La gente ha expresado libremente su opinión, aun a sabiendas de que esa opinión
no va a ser computada ni convalidada. Artur Mas ha conseguido un balón de
oxígeno de cara a unas elecciones que pueden ser ya, y según y cómo,
inminentes. Mariano Rajoy ha hecho gala de sangre fría, cosa que a nadie puede
sorprender: si algo le sobra, es cuajo. Oriol Junqueras, que no tiene ni la
sangre fría ni la capacidad de cálculo como sus mejores cualidades, sigue
convencido de que la independencia está «a tocar», como se dice por aquí;
aunque lo cierto es que la independencia no se ha acercado un milímetro.
La salida del laberinto catalán es si cabe más difícil hoy. El
soberanismo ha subido sus apuestas. Lo que hace algunos meses hubiera sido una
solución factible, ya resulta insuficiente.
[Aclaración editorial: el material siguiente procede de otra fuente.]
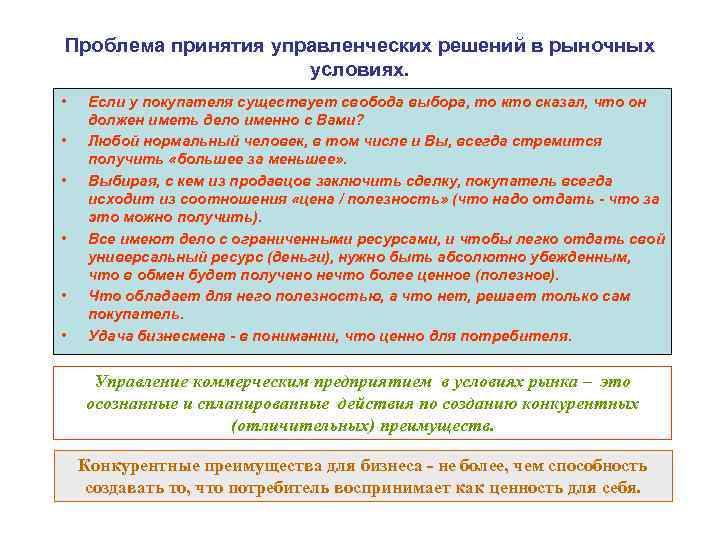 Проблема принятия управленческих решений в рыночных условиях. • • • Если у покупателя существует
No basta un concierto económico; se
exige un referéndum decisorio. Ni Mas está en condiciones de rebajar su órdago,
ni Rajoy podría ceder aunque quisiera. Estamos más cerca de un desenlace
traumático, y sólo dependemos para evitarlo de que los protagonistas (por lo
menos hasta nuestra próxima visita a las urnas) de la escena política mantengan
la serenidad en el trance.
A propósito de serenidad, ¿qué le pasa a Rosa Díez? Ha vuelto a
reclamar represión, en nombre de la democracia. Se le ha olvidado, o no ha
sabido nunca (hay mucha falta de ignorancia, como decía un Séneca de pueblo),
que el primer axioma de la democracia dice que las minorías son tan
importantes, si no más, que las mayorías, porque sin su presencia activa no hay
democracia sino una dictadura de la mayoría. Es perfectamente democrático que
una minoría dé voz a sus agravios o a lo que tiene por tales; y la obligación
de la mayoría es escuchar esa voz, no para darle satisfacción plena a costa de
la opinión mayoritaria, sino para buscar una solución de consenso que facilite
la convivencia común. ¿Que eso no es fácil? ¿Quién ha dicho que la política
tenga que ser fácil?
Rosa Díez se ha alineado con Boadella para pedir al gobierno que
«no tenga piedad» con Cataluña. Boadella es un bufón y nadie toma al pie de la
letra sus salidas de tono, pero ¿esa chica? Ya antes ha dado varias muestras de
un talante ordenancista y autoritario dentro de su propia formación. Es su
cotarro, no voy a meterme ahí. Pero cuando saca a relucir intervenciones de la
fuerza pública, empapelamientos y prisiones con tanto desahogo, me pregunto:
¿qué le ocurre? ¿Hay un trauma infantil hundido en su subconsciente, o es
simplemente que le pirran los uniformes, en particular los de color verde
oliva? ¿No será, como apuntaba Federico García Lorca, que tiene el alma de
charol y el cielo se le antoja una vitrina de espuelas?